50
votes

This morning, there were big problems at work because an SNMP trap didn't "go through" because SNMP is run over UDP. I remember from the networking class in college that UDP isn't guaranteed delivery like TCP/IP. And Wikipedia says that SNMP can be run over TCP/IP, but UDP is more common.

I get that some of the advantages of UDP over TCP/IP are speed, broadcasting, and multicasting. But it seems to me that guaranteed delivery is more important for network monitoring than broadcasting ability. Particularly when there are serious high-security needs. One of my coworkers told me that UDP packets are the first to be dropped when traffic gets heavy. That is yet another reason to prefer TCP/IP over UDP for network monitoring (IMO).

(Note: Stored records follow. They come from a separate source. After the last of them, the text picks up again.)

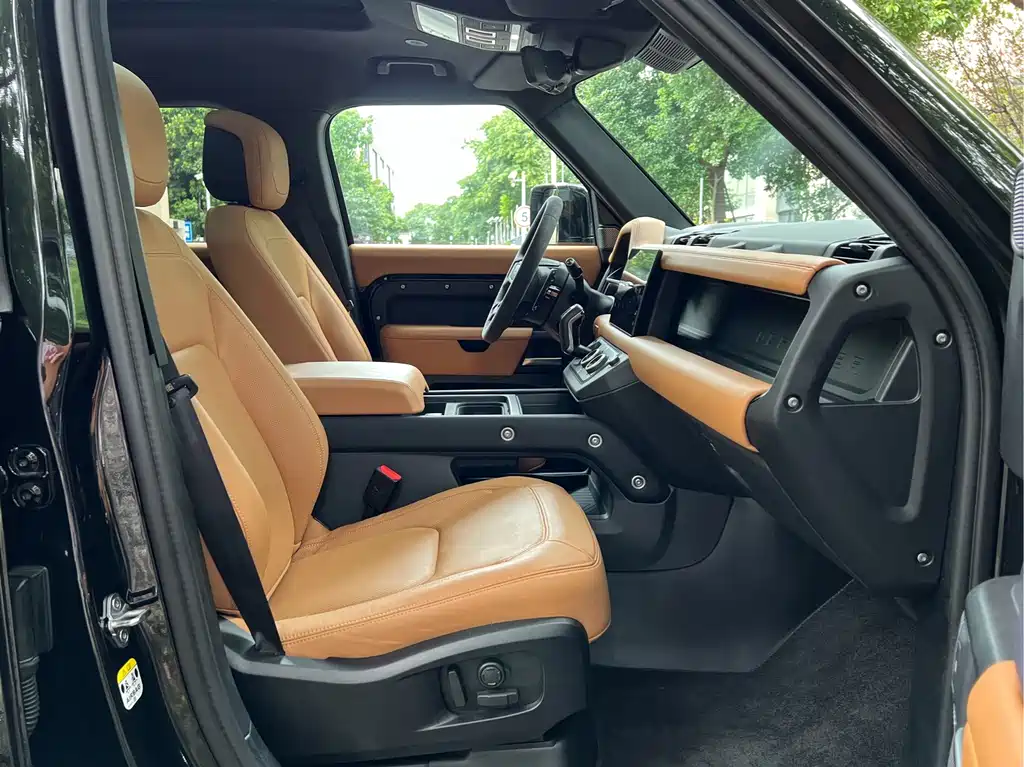 Land Rover Defender — миниатюра 8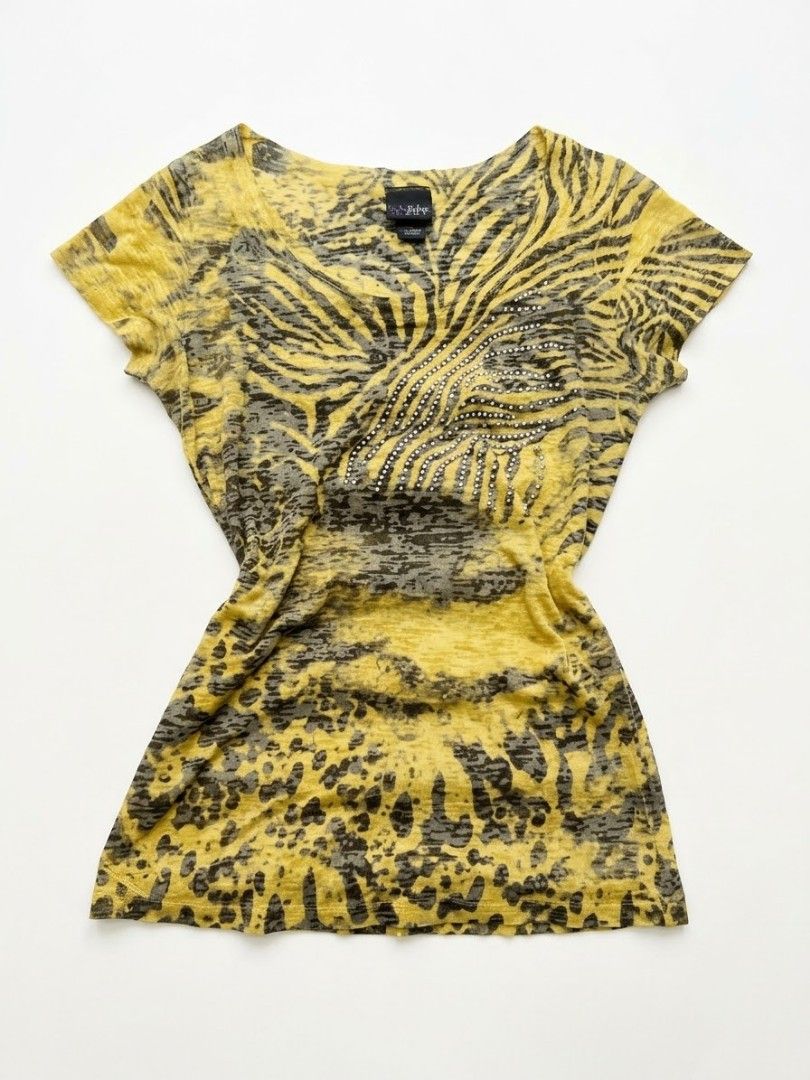 Y2k grunge tee (Category: Shirts) located in Quezon City. Submitted by lys_picks (Listing ID 1468170844, Image 1). Description: small-medium no issuee.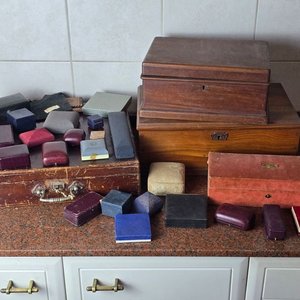 Lote siguiente: Lote de Cajitas y Joyeros Antiguos de Madera y Terciopelo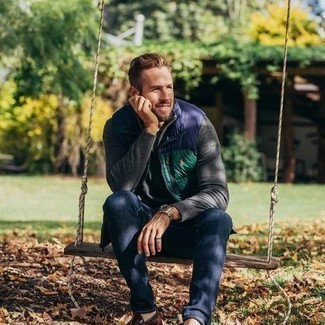 С чем носить темно-серый свитер с воротником на молнии мужчине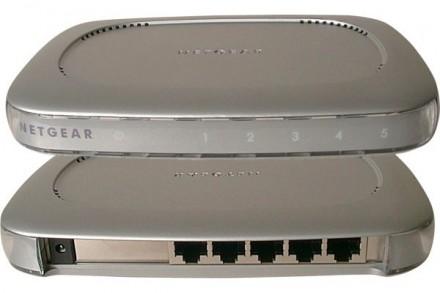 Netgear FS605 - Switch 10/100 - 5 ports RJ45 - Design platinium - Installation Plug and Play_0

So why does SNMP use UDP? I can't figure it out and can't find a good reason on Google either.

5
"Wikipedia says that SNMP can be run over TCP/IP", if you read the RFC3430 carefully, faqs.org/rfcs/rfc3430.html you will see it is experimental, so you could not expect all vendor product supports it.Lex Li
+1 for the stated practical issuesnj-ath
@PP, man you're hard, he needs to dig through RFC1155, 1157, 1212, 1215, 1901, 1908, 2578, 2579, 2580, 3416 and 3417 (v1 & v2c), as well as RFC1213, 2863, 3418, 4001, 4001, 4022, 4113, 4292, 4293 and 4898 (MIB) :)Matthieu
@LexLi 1) Thanks the RFC link 2) Message from the future: the question was not "over what protocol is it running", but "why uses it UDP" 3) sorry for the late reactpeterh

5 Answers

55
votes

UDP is actually expected to work better than TCP in lossy networks (or congested networks). TCP is far better at transferring large quantities of data, but when the network fails it's more likely that UDP will get through. (in fact, I recently did a study testing this and it found that SNMP over UDP succeeded far better than SNMP over TCP in lossy networks when the UDP timeout was set properly). Generally, TCP starts behaving poorly at about 5% packet loss and becomes completely useless at 33% (ish) and UDP will still succeed (eventually).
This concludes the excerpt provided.